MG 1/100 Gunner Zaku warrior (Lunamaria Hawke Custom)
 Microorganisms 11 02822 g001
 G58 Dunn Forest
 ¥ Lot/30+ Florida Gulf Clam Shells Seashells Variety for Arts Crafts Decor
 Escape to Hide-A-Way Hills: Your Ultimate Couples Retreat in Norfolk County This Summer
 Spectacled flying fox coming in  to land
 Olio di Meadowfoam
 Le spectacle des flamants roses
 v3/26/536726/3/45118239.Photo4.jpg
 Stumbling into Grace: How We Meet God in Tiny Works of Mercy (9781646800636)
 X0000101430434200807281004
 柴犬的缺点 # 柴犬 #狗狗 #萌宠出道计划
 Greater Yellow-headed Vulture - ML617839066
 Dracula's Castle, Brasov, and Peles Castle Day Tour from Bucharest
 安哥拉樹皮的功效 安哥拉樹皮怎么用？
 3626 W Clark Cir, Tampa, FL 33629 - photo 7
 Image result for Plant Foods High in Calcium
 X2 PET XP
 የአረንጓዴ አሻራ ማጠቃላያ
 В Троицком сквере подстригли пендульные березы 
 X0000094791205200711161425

## Work task
Word for word, reproduce all of the material shown above.

## Written solution
MG 1/100 Gunner Zaku warrior (Lunamaria Hawke Custom)
 Microorganisms 11 02822 g001
 G58 Dunn Forest
 ¥ Lot/30+ Florida Gulf Clam Shells Seashells Variety for Arts Crafts Decor
 Escape to Hide-A-Way Hills: Your Ultimate Couples Retreat in Norfolk County This Summer
 Spectacled flying fox coming in  to land
 Olio di Meadowfoam
 Le spectacle des flamants roses
 v3/26/536726/3/45118239.Photo4.jpg
 Stumbling into Grace: How We Meet God in Tiny Works of Mercy (9781646800636)
 X0000101430434200807281004
 柴犬的缺点 # 柴犬 #狗狗 #萌宠出道计划
 Greater Yellow-headed Vulture - ML617839066
 Dracula's Castle, Brasov, and Peles Castle Day Tour from Bucharest
 安哥拉樹皮的功效 安哥拉樹皮怎么用？
 3626 W Clark Cir, Tampa, FL 33629 - photo 7
 Image result for Plant Foods High in Calcium
 X2 PET XP
 የአረንጓዴ አሻራ ማጠቃላያ
 В Троицком сквере подстригли пендульные березы 
 X0000094791205200711161425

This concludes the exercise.